Try figuring out cheapest vegetables available year-round, from which you can make a salad. In the US, this probably includes corn. Where I am, it's potato, carrots, and beets, which coincidentally make a traditional salad. I boil a pot of them once or twice a week, and chop them in large-ish cubes right before a meal, so preparation takes very little time. Of course, I typically add onions, mayonnaise, maybe herbs.

I'm currently spending about twenty bucks a week on food, and that's only because I've been too lazy to prepare the vegetables, making sandwiches instead.

[–] Pika@rekabu.ru 5 points 1 day ago (1 children)

Where I am, it's potato, carrots, and beets, which coincidentally make a traditional salad.

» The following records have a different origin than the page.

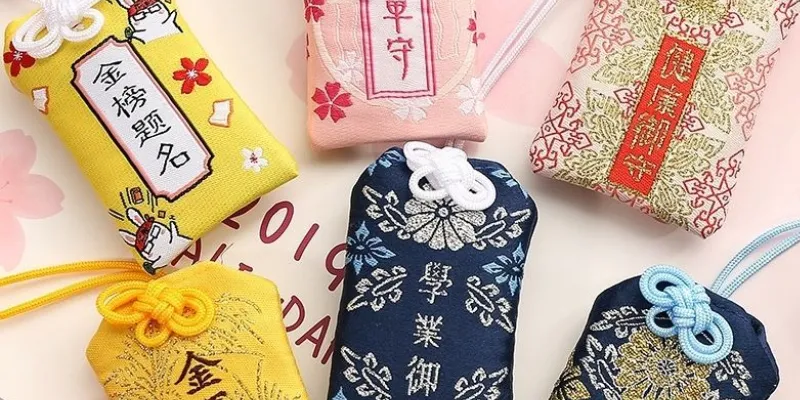 Một số loại bùa đánh bài phổ biến hiện nay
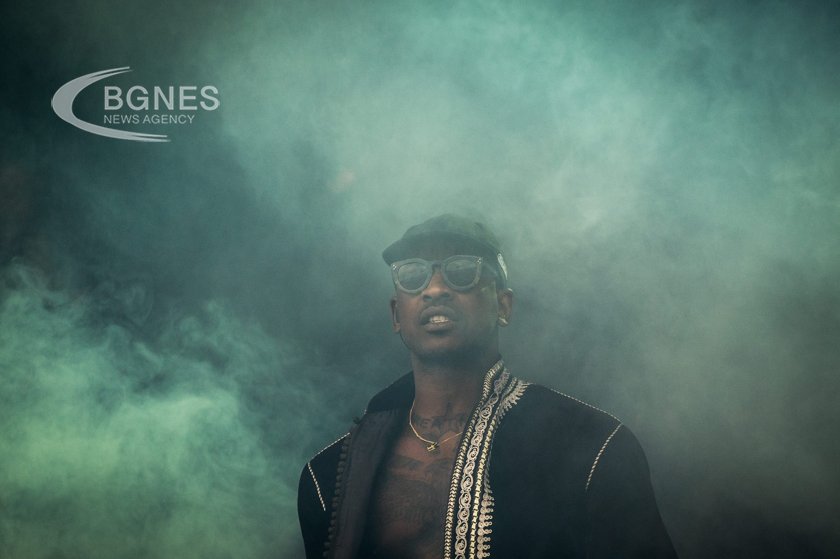 Рапърът Skepta се извини за нацистките образи в корицата на новата си песен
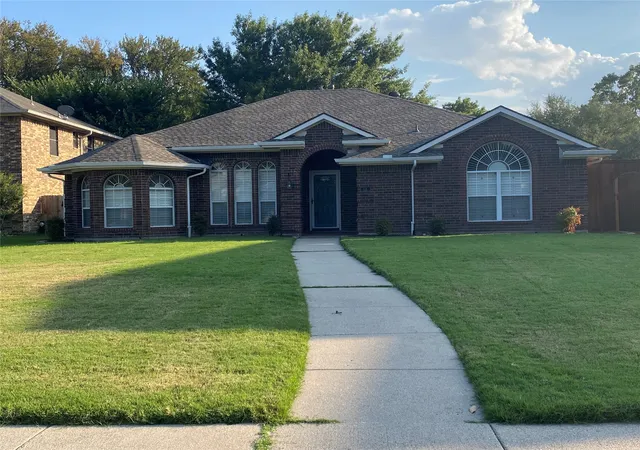 Photo 1 of Single family home for sale at 18 Monroe Ct, Allen, TX 75002 | MLS# 21384012 | Listing updated on 2026-09-12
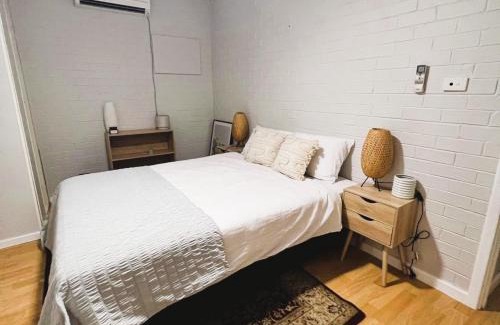 South Hedland Apartment | Stylish 3 Bed Apartment - Free Parking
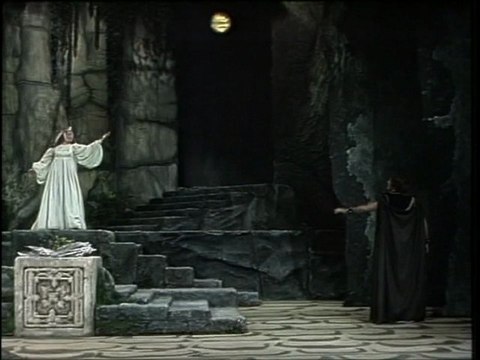 Norma / V. Bellini / Act 1 /Duet '' Vieni in Roma ''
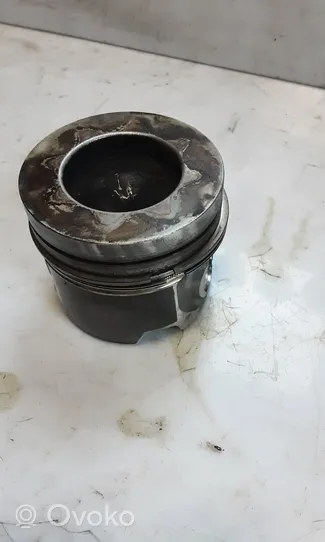 Audi A6 C7 Piston 065DF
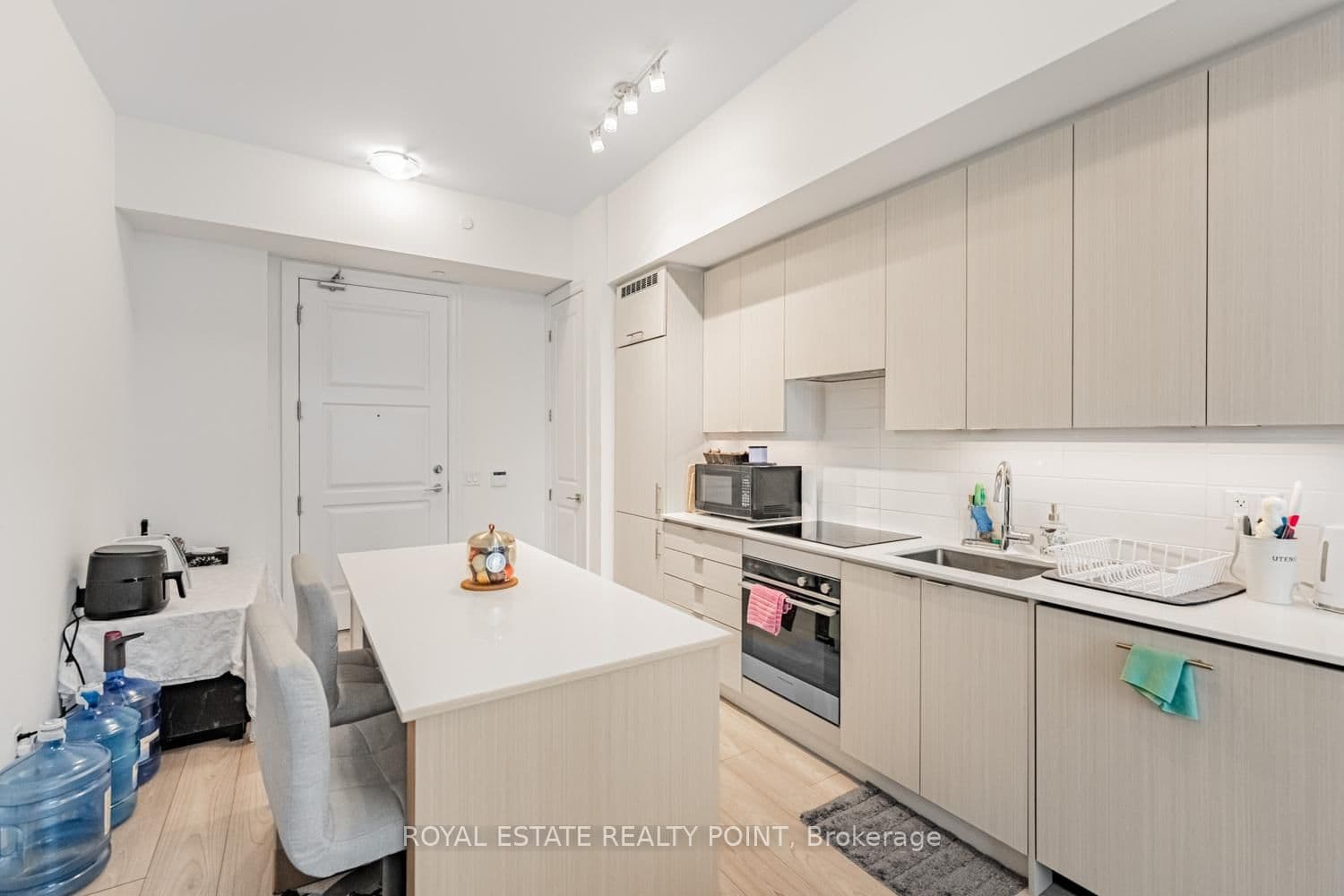36 Elm Drive W, Unit PH-02 thumbnail 9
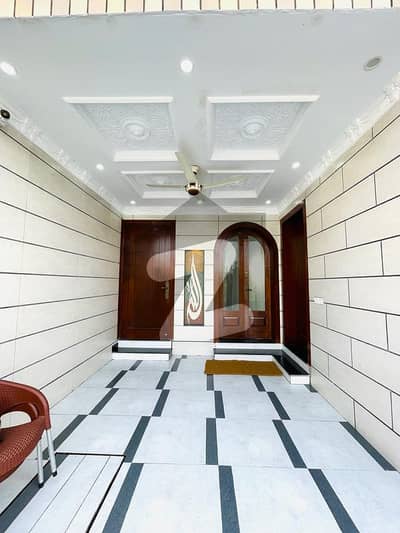 سینٹرل پارک ۔ بلاک اے1 سینٹرل پارک ہاؤسنگ سکیم,لاہور میں 4 کمروں کا 5 مرلہ مکان 2.3 کروڑ میں برائے فروخت۔ سینٹرل پارک ۔ بلاک اے1 سینٹرل پارک ہاؤسنگ سکیم,لاہور میں 4 کمروں کا 5 مرلہ مکان 2.3 کروڑ میں برائے فروخت۔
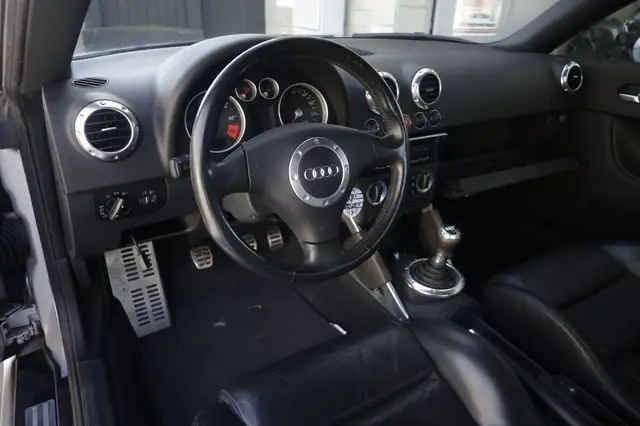 Audi TT view 2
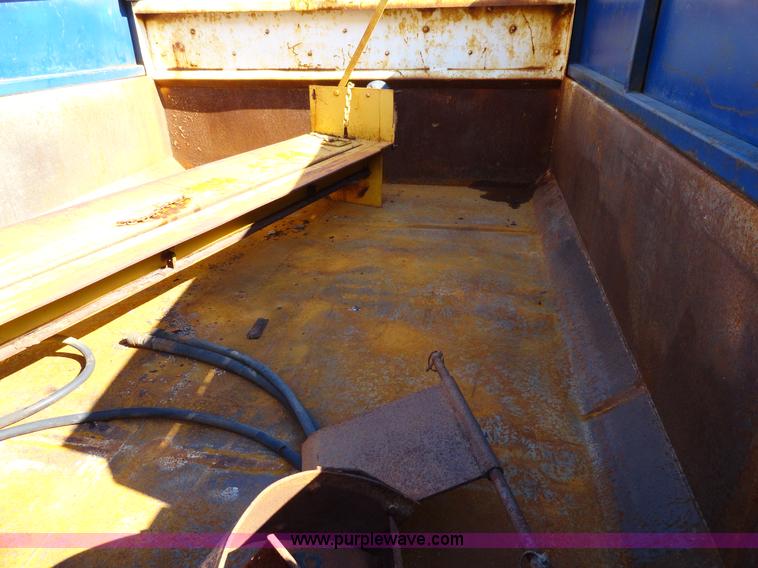 image for item A2419 1996 International 4900 dump truck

This is not a coincidence :)

Really, if you want to look into cheap and good food, look no further than what your ancestors ate. They ate it precisely because it was cheap and as nutritionally adequate as they could get.

Sure, some modifications must be made now that we have more foods and clean drinking water available on demand, but this is a good starting point.

[–] SlurpingPus@lemmy.world 3 points 1 day ago* (last edited 1 day ago) (1 children)

Speaking of modifications, soy sauce in vinaigrette salad is great. A few drops of Worcestershire sauce would probably be awesome, too.

[–] Pika@rekabu.ru 3 points 1 day ago

Quite unexpected. I love soy sauce in a classic tomato-cucumber salad, but soy sauce + beetroot is something I cannot comprehend. Maybe I'll give it a spin, though!